En español | All New York voters who are worried about catching or spreading an illness will be able to cast an absentee ballot in November, allowing residents to vote safely from home amid the coronavirus pandemic:
- Election Day is Tuesday, Nov. 3, and polls will be open from 6 a.m. to 9 p.m. The state's voter information portal has more information about where to cast your ballot. Your polling place may be different this year, so check before you leave.
- Be prepared for potentially long lines, and remember to take your mask and to follow social distancing measures at the polls. You won't need to present identification at the polls.
- With Election Day only days away, consider dropping off your completed absentee ballot in person. Your county’s board of elections has more information on where to take your ballot.
Here’s what else you need to know:
How do I register to vote?
You can register online, by mail or in person. Access the state’s voter registration portal to register online. You’ll need information found on your state-issued driver’s license and the last four digits of your Social Security number. If you don't have that information you can download a voter registration form, fill it out and either mail or deliver it to your county’s board of elections. You’ll need to include a copy of a valid photo ID, a utility statement or a paycheck with your registration application.
You can also call 800-FOR-VOTE and request that a voter application be mailed to you. Registration forms must be postmarked by Oct. 9 and received by your county’s board of elections no later than Oct. 14 to vote in the November general election.
Use the state’s voter information portal to check whether you’re already registered or to update your registration information.
How can I get an absentee ballot? Are there important deadlines?
Absentee ballots in New York have traditionally been available to voters who are out of town on Election Day, have an illness or disability that prevents them from voting in person, are primary caregivers who cannot vote in person, are residents of a Veterans Health Administration hospital or are detained in jail but are otherwise eligible to vote.

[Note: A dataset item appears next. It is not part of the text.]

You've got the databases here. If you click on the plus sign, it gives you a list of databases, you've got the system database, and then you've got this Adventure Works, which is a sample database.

But the state introduced no-excuse absentee voting for its June primary, mailing absentee ballots applications to all registered voters. And for November's general election, New York will allow all voters who are worried about catching or spreading COVID-19 to cast an absentee ballot.

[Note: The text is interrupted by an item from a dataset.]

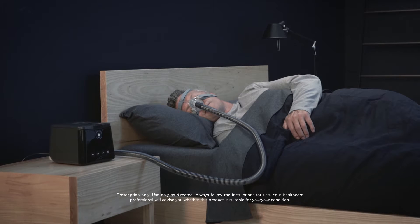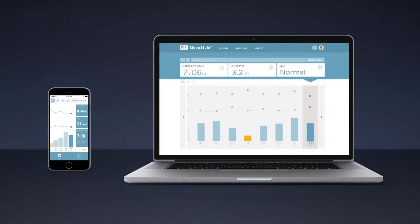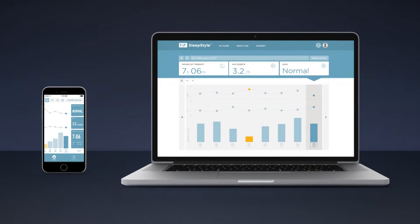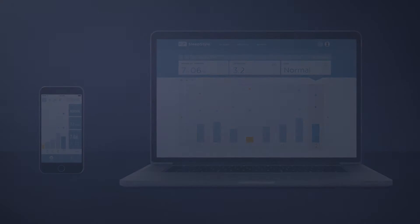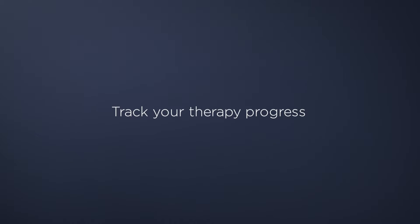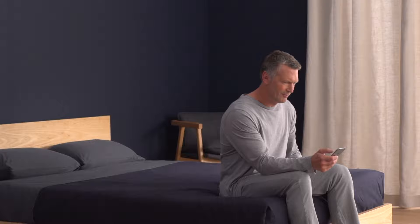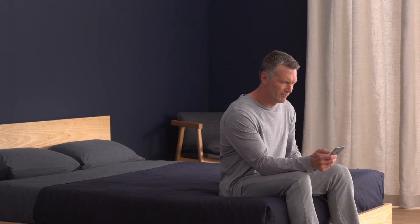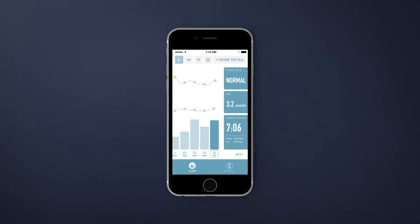Starting out on CPAP can seem complicated, but it doesn't have to be. We designed SleepStyle with you in mind to give you visibility into your sleep therapy. SleepStyle allows you to easily see your therapy data from last night and compare it to your therapy data from the night before.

Absentee ballot applications can be picked up at your county’s board of elections or you can download and print an application from the governor’s website. If you decide to return your application to the board of elections by mail, your paperwork must be postmarked by Oct. 27. If you decide to fill out an application in person, you must do so by Nov. 2. You can also request an absentee ballot online.

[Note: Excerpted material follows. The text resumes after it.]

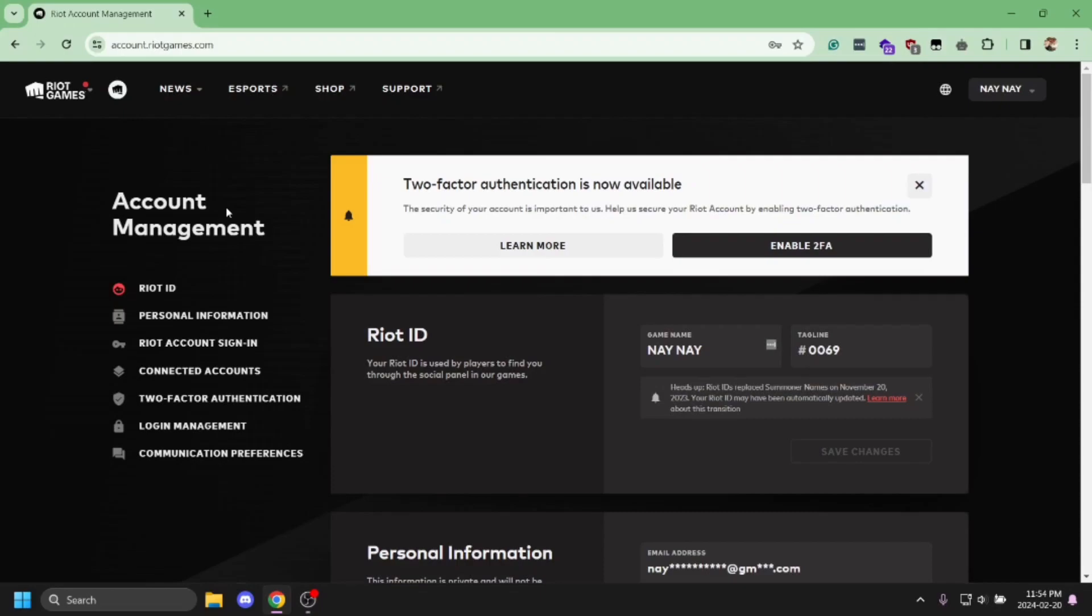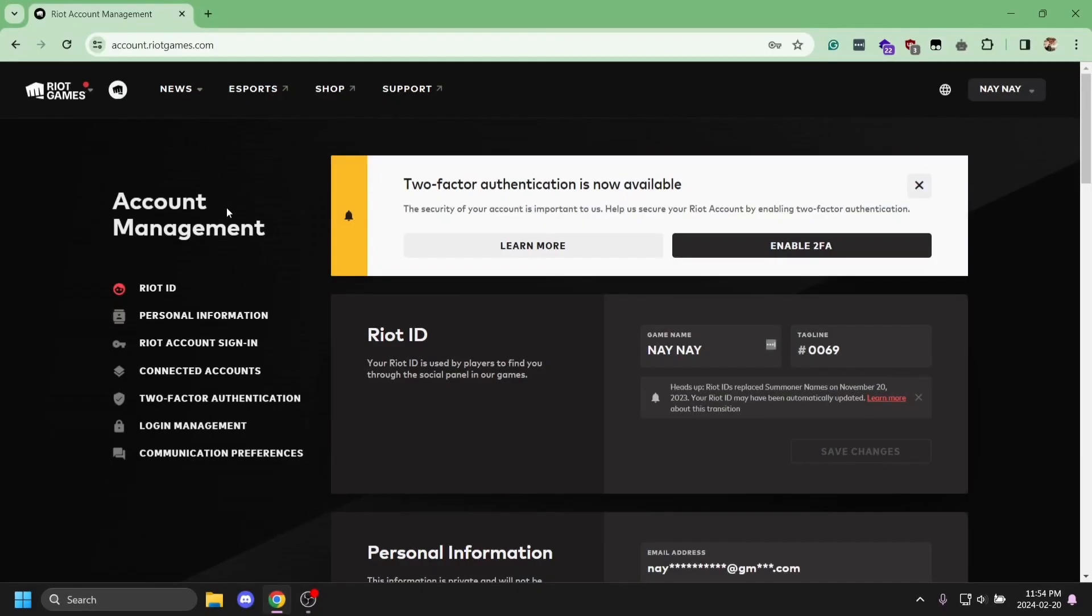However, you won't be able to change your username or Riot ID directly, but you can change your password if needed. If you really want to change your username, you'll need to visit Riot Games support.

Your actual ballot must be postmarked by Election Day, Nov. 3, and received by election officials no later than Nov. 10. You can also drop your ballot off with your local board of elections on Election Day.
When is Election Day? When are polls open?
Tuesday, Nov. 3. Polls are open from 6 a.m. to 9 p.m.
Can I vote in person before Election Day?
Yes, you can cast your ballot early, from Oct. 24 through Nov. 1. Polling sites and hours are determined locally — consult your county board of elections.
What form of identification do I need to vote?
New Yorkers are not required to present identification at the polls.
How do I know my absentee ballot is secure?
The county board of elections verifies voter enrollment and basic information before issuing a ballot. Envelopes are signed by the voter, and the signature can be compared with the one on file for authenticity. If someone has attempted to vote using your name on an absentee ballot and you show up to a polling location on Election Day, any absentee ballot returned by mail in your name will be discarded.
What is being done to make polling places safe from coronavirus?
Masks are required for all workers and voters. Election workers will also be provided personal protective equipment, and everyone at polling locations will be asked to social distance. Hand sanitizer will also be available. In April, Gov. Cuomo ordered all New Yorkers over age 2 to wear face coverings in public when social distancing is impossible.
Will I be able to vote in the same place as I always have?
Not necessarily. During the June primary, some polling places were moved away from senior centers and nursing homes because of the pandemic. Similar moves are expected in November. Check the state’s voter information portal for your polling place.
What are the key races in my state?
- U.S. President
- U.S. House: All 27 seats
- State Senate: All 63 seats
- State Assembly: All 150 seats
This story was updated on Nov. 2 with more information about voting in person. Voting rules and procedures may change before Election Day. We’ll update this story if they do, so bookmark this page and check back.
AARP is urging older Americans to ask the candidates five key questions:
- Just over half of all older Social Security beneficiaries rely on the program for at least 50 percent of their income. If elected, how will you ensure that current and future Social Security benefits are not cut as part of deficit reduction?
- Half of the people with traditional Medicare spend at least a sixth of their income on health care. If elected, how will you protect Medicare from benefit cuts, as well as lower health care costs and ensure seniors continue receiving the affordable health care they have earned?
- Unemployment during the coronavirus crisis reached the highest levels since the Great Depression, and older Americans have been affected disproportionately. If elected, how will you help Americans over the age of 50 recover economically from the effects of the coronavirus?
- Americans pay the highest prescription drug prices in the world. If elected, how will you cut prescription drug prices for all Americans?
- COVID-19 has caused death and suffering for too many older Americans who require long-term care. If elected, how will you make sure seniors can access safe and affordable long-term care at home, as well as in facilities like nursing homes and assisted living?